Important parts of in-wheel motor development are testing and verification. The tests are carried out on dedicated measuring stations of greater power or in a simplified system where two identical motors are connected via couplings and torque transducer (back-to-back test configuration – BB). The BB testing method is evaluated in the first part of a thesis. Because of its time-consuming nature and expensive measuring system, the BB testing method is suitable for the development phase, less so for the manufacturing phase and testing during the motor's lifespan.
The doctoral thesis titled "Self-loading method for electric in-wheel motor testing" introduces an alternative testing method to determine motor efficiency and its temperature rise. In the BB testing method, the loading of the motor axis is replaced with the dynamic performance of rotor inertia.

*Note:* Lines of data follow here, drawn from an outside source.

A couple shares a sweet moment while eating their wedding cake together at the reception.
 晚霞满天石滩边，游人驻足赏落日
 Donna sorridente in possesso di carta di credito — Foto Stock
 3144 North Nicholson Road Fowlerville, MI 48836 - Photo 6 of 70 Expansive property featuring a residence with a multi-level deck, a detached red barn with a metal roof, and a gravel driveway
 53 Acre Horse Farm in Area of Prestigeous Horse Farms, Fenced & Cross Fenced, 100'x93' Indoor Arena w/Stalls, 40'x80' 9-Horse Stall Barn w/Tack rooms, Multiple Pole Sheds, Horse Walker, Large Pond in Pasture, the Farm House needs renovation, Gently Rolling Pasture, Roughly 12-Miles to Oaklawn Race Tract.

To simulate the synthetic loading method, we have developed a simulation model of the entire propulsion system, which was compared to measurements obtained on an actual propulsion system. We wanted to upgrade the synthetic loading testing method to enable motor efficiency measurement on a broader operating area and not only in the nominal operating point. We have upgraded the simulation model with the trapezoidal current reference, which reduces the ratio between the amplitude and effective value of phase currents. The results of the motor's efficiency, measured with the BB method, confirm the simulation results using the synthetic loading method. The analytical equations of motor losses confirm that the losses with classical BB and synthetic loading methods are comparable. To achieve the equivalent loss in both testing methods, we present an analytical model which determines the specific shape of synthetic loading current reference. In conclusion, the measured values of motor efficiency using the synthetic loading method are compared with the classical BB testing method in twenty motor operating points.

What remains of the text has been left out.